By Marie Grundy, Managing Director, Second Charge Mortgages, West One Loans
Before the Covid pandemic took hold, the second charge mortgage market was growing at a strong and steady pace with record sales.
For 19 consecutive months up until March 2020, new business volumes saw double-digit percentage year-on-year growth each month.
Like all mortgage lending, second charge dropped dramatically in April 2020 as the first lockdown paid a heavy price on people’s ability to borrow.
To put it into context, the peak month for new lending was October 2019 with 2,657 new loans issued to the value of £118m. This fell to a low in May 2020 of 486 new loans valued at £21m, according to the Finance & Leasing Association (FLA).
After this, monthly lending rose but dropped slightly in the traditionally slow months of December 2020 and January 2021.
The latest figures are for May 2021 and show new business volumes up by 12% in the first five months of this year. There were 1,910 new loans issued in May worth £84m.
We have seen business steadily rising since the end of the first lockdown and June 2021 was a bumper month for us. I expect the next FLA figures to be higher, reflecting our own experience.
Different types of borrowers
It has been an interesting few months and we are seeing different types of borrowers coming through, as people’s needs have changed due to the pandemic.
Debt consolidation has always played a key part in the second charge market and that is still very much the case.
But a new dynamic, and a definite consequence of the pandemic, is the desire for people to have homes they can both comfortably live and work in. We have therefore seen a rise in people wanting to make home improvements and take out larger loans to pay for extensions to accommodate an extra room, for example.
Bank of Mum and Dad
The influence of the stamp duty holiday on the housing market did not directly impact on second charge mortgages as they are not reliant on property transactions.
However, we did see a correlation as more parents were taking a second charge to gift money to their children. The main use for this money was for a deposit to help them get onto the property ladder and try to beat the stamp duty holiday deadline.
The money can also contribute towards a larger deposit to either bring down the LTV and therefore the rate or to afford a bigger home. Many parents would rather help their children now than make them wait for inheritance.
Rise in product transfers
I expect there will be less movement in the purchase market over the next few months now that the main stamp duty holiday is over. What we will see more of is remortgaging and product transfers (PT).
This is a great opportunity for brokers to save their clients’ money by considering a second charge mortgage. The PT market has been feeding into the rise of second charge lending, particularly if people want additional borrowing.
Staying with an existing lender on a good rate makes sense but if the borrower requires more money, the rate may increase. If they are on an interest-only mortgage they would likely have to move to a capital and repayment with the subsequent large rise in monthly payments.

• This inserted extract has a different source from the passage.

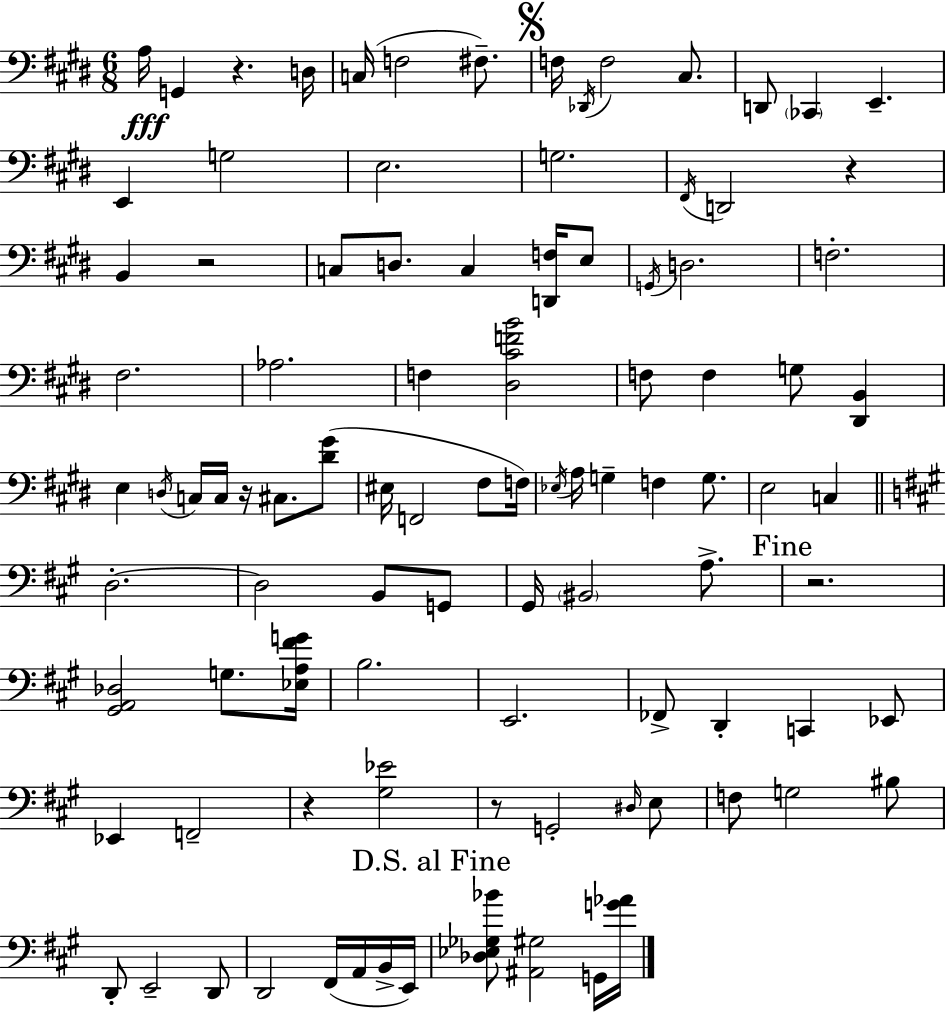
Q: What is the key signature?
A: E major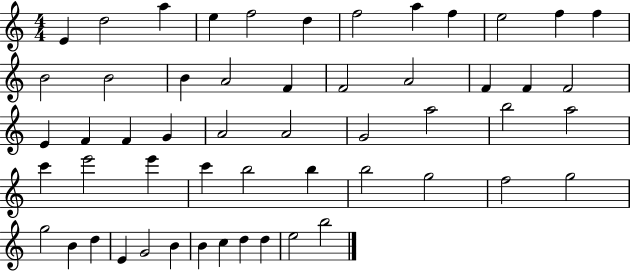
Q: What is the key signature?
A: C major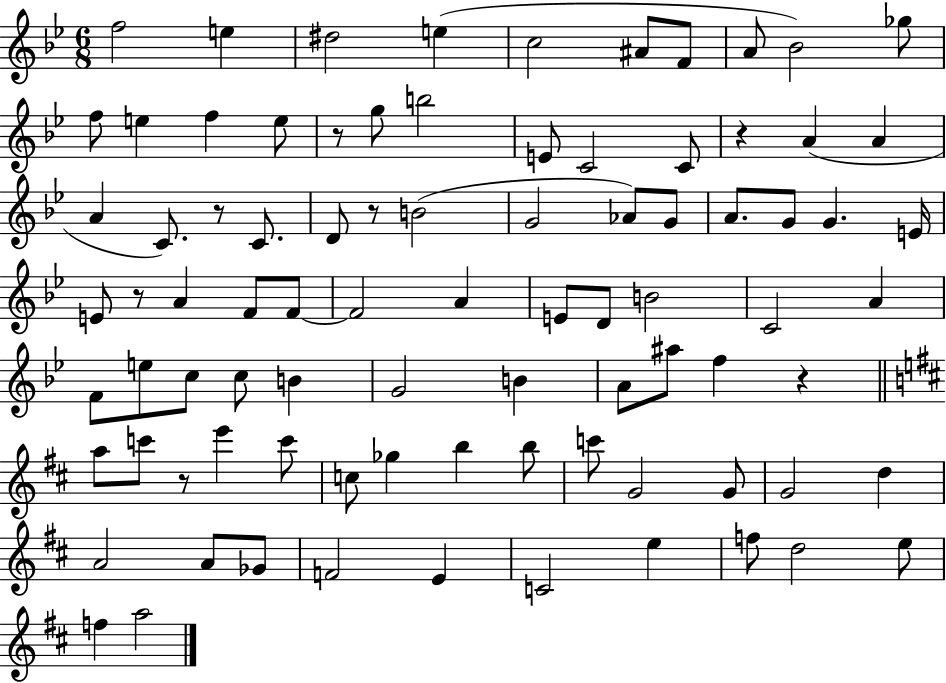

Popularity of five-year fixed rates
Brokers should also be on the lookout for their clients who are on five-year fixed rates and want additional borrowing.
Five-year fixes are the most popular mortgage right now so if people do want to remortgage to raise more money, they will have to pay redemption penalties. An alternative that brokers could offer their clients is to keep the five-year fix and raise the required amount with a second charge mortgage.
There is also the benefit with second charge lending that the funds will be released quickly as there is usually no requirement for the borrower to appoint separate legal representation and desktop valuations can sometimes be accepted in lieu of a physical valuation.
Going forward I see a very healthy second charge market emerging and it wouldn’t surprise me to see double-digit percentage growth on a regular basis very soon.